Your answer must be one number: the count of lines below that include "Metal".

━━ RAW DATA ━━

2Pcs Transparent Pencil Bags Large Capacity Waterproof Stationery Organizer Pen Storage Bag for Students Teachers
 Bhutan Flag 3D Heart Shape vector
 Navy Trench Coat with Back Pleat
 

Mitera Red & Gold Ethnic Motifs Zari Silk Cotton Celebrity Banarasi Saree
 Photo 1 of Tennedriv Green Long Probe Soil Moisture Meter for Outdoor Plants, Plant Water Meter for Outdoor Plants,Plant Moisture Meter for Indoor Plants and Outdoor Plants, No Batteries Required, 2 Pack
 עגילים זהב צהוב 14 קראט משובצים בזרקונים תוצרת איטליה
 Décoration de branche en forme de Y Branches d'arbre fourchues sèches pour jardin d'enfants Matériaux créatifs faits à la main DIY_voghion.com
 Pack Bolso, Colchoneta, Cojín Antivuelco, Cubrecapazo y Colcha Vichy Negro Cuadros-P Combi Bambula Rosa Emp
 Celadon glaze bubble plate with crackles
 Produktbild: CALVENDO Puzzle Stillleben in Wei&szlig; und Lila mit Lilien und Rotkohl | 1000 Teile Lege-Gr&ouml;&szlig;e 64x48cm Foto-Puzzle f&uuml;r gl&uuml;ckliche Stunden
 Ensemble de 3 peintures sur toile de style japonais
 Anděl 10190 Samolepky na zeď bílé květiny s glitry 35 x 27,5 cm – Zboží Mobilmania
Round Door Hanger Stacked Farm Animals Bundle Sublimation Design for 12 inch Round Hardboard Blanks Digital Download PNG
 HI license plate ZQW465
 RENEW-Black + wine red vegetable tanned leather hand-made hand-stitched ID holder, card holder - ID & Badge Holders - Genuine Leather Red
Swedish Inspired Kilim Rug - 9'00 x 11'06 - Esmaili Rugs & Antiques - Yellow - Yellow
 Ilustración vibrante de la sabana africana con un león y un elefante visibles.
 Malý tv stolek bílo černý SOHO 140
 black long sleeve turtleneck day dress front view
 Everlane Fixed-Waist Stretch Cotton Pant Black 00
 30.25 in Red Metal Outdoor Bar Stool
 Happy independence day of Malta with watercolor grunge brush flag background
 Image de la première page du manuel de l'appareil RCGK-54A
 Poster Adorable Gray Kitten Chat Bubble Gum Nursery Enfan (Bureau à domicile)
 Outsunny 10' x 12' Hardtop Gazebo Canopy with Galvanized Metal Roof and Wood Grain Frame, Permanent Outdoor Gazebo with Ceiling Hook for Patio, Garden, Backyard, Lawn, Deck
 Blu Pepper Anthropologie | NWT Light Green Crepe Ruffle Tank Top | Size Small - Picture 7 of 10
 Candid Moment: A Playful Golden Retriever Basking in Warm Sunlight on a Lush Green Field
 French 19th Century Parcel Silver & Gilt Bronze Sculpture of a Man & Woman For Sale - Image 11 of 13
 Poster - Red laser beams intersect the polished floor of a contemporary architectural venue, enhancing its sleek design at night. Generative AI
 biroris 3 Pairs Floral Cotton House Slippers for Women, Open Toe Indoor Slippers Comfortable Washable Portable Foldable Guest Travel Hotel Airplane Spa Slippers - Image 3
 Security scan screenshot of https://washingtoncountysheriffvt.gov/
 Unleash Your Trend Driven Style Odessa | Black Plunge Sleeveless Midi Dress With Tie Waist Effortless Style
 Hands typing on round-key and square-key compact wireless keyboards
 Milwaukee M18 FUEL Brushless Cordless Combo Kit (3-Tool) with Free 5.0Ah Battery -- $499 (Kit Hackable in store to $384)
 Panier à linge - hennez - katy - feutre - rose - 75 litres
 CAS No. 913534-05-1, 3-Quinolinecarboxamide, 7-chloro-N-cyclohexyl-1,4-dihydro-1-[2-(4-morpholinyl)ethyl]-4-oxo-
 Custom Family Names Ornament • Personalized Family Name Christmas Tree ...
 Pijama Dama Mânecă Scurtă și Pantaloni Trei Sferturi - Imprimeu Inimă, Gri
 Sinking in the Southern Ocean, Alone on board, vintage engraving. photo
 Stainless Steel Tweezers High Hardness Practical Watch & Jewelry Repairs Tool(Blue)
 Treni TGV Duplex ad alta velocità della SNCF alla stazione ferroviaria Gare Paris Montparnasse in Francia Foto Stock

━━━

**SOLUTION FOR THIS EXERCISE**
2